Suddenly, a man whose characters made up their own life mottos as their lives were a state of mind went out of fashion and Reagan’s new-economy was in. Sadly, Ashby was the '70s and the '70s ended, for better or worse, and the new decade began. He perished before the dawn of the independent film boom and before a young man named Sean Penn, who stole an Ashby sign (violating Penn’s parole as was noted on the DVD of Coming Home) to bring to his memorial at the Director’s Guild of America, dedicated his first directorial effort to two men that defined the '60s and '70s: John Cassavetes and Hal Ashby. Ashby, through those of us whom he’d inspired, continues to live on and therefore so do the sentiments of the 1970’s.
Although to fans of Being There, the film is mostly synonymous with Peter Sellers who was so committed to the role that as revealed in the Warner Brothers press release, after Kosinski's novel was published, the author received a telegram from its lead character which read, "Available in my garden or outside of it." When a curious Kosinski called the number that accompanied the message, Peter Sellers himself answered the call and spent nine years committed to getting the film into production, which was greatly challenged until the success of his Pink Panther work solidified a deal with Lorimar.
Modeling the voice of Chance "after his idol Stan Laurel," Sellers, who once told Roger Ebert as quoted in his Great Movies series that he had "absolutely no personality at all. I am a chameleon. When I am not playing a role, I am nobody," was so deeply invested in the role that as a young Illeana Douglas reports on the Blu-ray, watching him in a scene was almost embarrassingly private as he nearly went into another dimension.
Douglas, the granddaughter of the film's Oscar winner Melvyn Douglas who was actually bequeathed his Oscar after his death, shares great insights and recollections in a wonderful intimate featurette on the Blu-ray-- Memories From Being There-- wherein she revealed the close relationship that her grandfather had with Sellers as incidentally they'd been stationed in Burma together when both were in the military (with Douglas in the American side and Sellers, the British one respectively) and she also elaborates on Sellers' complete concentration in his work.
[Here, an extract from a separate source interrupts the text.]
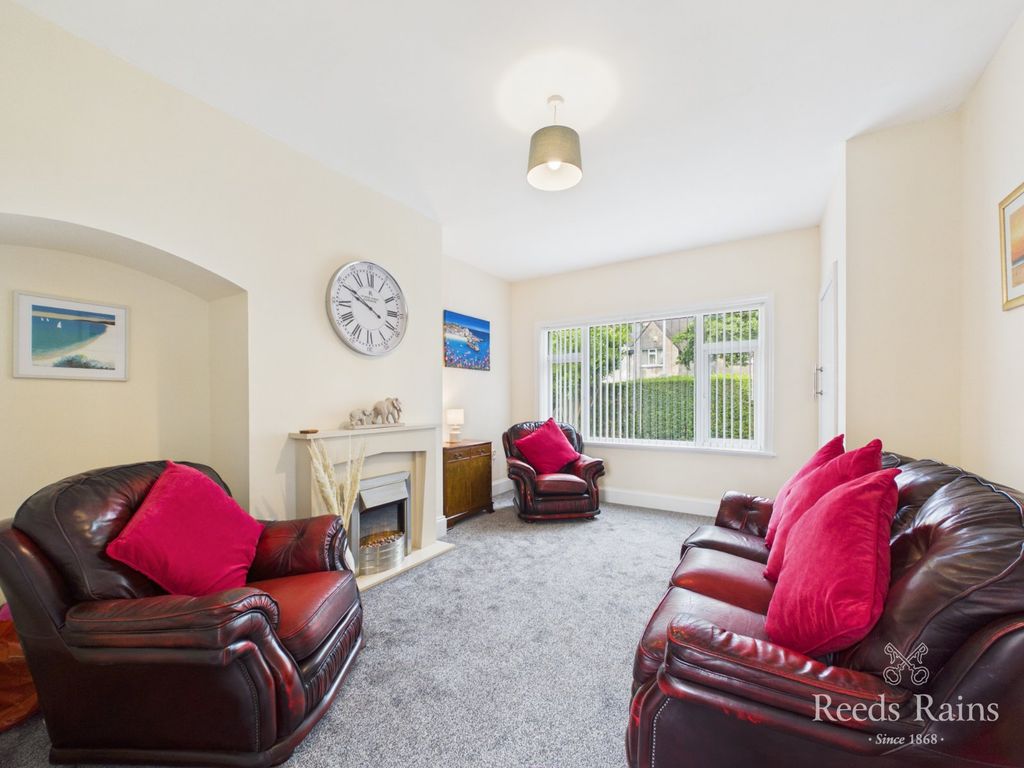 Property photo 2 of 17 Sitting Room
Noting that he'd once said that the only enjoyment he ever had in life was when he was on the floor working or being in a scene-- it seems like it was a natural fit for his best and penultimate work to star in a film where the final result or meaning is ultimately left up to the viewer-- whether they want to assume it's indeed Christian or overtly religious is one interpretation or rather the way both Douglas and I ultimately believe, it simply celebrates the idea of being in the moment.
As the film ends with the idea that "life is a state of mind," it seems entirely practical that as such we can imagine walking on water and while there are those like Ebert who intriguingly share interesting and astute observations that the film could be a caution that perhaps we're all a bit like Chance the Gardener as passive participants in life, there's plenty of food for thought.
And ultimately-- in my eyes and despite the film's slightly sluggish final hour involving a few scenes that should've been trimmed or abandoned altogether, I feel that it provides the precise and perfect final note for the careers of Ashby (who suffered terribly in the '80s) and Sellers, who died shortly thereafter and was amazingly denied an Oscar, which he blames on the inclusion of "outtakes" at the end that "broke the spell" of the film.
The film, which is captured in a rich high definition transfer from Warner Brothers also unearths two recently discovered scenes including the original alternate ending, a longer gag reel and the original trailer that fills widescreen television with Caleb Deschanel's gorgeous cinematography.
And in the end Being There seems to celebrate-- at least in my eyes-- the individual journeys we all take, choices and relationships we make, in going about our daily lives and the idea that not only is it okay to-- "like to watch"-- but it's equally important to process what we've seen as well and walk away from it with humanistic understanding on a deeper level-- whatever that may be in our own states of mind.